▶ [TASK DESCRIPTION] Print nothing but the lines below starting at the line that holds "<p>Artery that carries" and ending at the line that holds "Learning Radiology", including both, each exactly as written.

(Web page caption snippets)
^^^^

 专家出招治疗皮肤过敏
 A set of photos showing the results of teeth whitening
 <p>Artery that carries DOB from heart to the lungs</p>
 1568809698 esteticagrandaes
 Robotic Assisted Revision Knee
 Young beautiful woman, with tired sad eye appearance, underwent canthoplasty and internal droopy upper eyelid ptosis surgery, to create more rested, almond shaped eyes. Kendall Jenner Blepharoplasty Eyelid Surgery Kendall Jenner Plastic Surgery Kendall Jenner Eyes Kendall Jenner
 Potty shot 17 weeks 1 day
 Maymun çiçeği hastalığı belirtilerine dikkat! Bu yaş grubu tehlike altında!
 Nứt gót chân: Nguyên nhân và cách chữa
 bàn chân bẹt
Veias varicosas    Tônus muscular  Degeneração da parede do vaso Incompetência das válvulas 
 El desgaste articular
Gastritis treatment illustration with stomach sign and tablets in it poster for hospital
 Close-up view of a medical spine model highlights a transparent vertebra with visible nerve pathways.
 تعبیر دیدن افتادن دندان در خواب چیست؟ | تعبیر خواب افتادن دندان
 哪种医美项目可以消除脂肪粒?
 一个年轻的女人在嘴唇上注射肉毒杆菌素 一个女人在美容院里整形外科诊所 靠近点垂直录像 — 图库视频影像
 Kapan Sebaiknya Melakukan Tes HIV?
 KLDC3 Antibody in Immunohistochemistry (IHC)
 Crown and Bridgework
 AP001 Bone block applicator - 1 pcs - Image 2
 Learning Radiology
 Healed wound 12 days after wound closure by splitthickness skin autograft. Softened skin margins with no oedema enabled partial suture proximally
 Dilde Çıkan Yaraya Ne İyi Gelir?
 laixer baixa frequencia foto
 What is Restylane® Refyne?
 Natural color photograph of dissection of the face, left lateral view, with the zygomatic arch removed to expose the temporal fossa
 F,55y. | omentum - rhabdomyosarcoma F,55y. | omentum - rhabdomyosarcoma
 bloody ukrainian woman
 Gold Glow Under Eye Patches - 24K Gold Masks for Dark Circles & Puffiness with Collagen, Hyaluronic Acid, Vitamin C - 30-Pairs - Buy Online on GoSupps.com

^^^^

▶ [OUTPUT]
 <p>Artery that carries DOB from heart to the lungs</p>
 1568809698 esteticagrandaes
 Robotic Assisted Revision Knee
 Young beautiful woman, with tired sad eye appearance, underwent canthoplasty and internal droopy upper eyelid ptosis surgery, to create more rested, almond shaped eyes. Kendall Jenner Blepharoplasty Eyelid Surgery Kendall Jenner Plastic Surgery Kendall Jenner Eyes Kendall Jenner
 Potty shot 17 weeks 1 day
 Maymun çiçeği hastalığı belirtilerine dikkat! Bu yaş grubu tehlike altında!
 Nứt gót chân: Nguyên nhân và cách chữa
 bàn chân bẹt
Veias varicosas    Tônus muscular  Degeneração da parede do vaso Incompetência das válvulas 
 El desgaste articular
Gastritis treatment illustration with stomach sign and tablets in it poster for hospital
 Close-up view of a medical spine model highlights a transparent vertebra with visible nerve pathways.
 تعبیر دیدن افتادن دندان در خواب چیست؟ | تعبیر خواب افتادن دندان
 哪种医美项目可以消除脂肪粒?
 一个年轻的女人在嘴唇上注射肉毒杆菌素 一个女人在美容院里整形外科诊所 靠近点垂直录像 — 图库视频影像
 Kapan Sebaiknya Melakukan Tes HIV?
 KLDC3 Antibody in Immunohistochemistry (IHC)
 Crown and Bridgework
 AP001 Bone block applicator - 1 pcs - Image 2
 Learning Radiology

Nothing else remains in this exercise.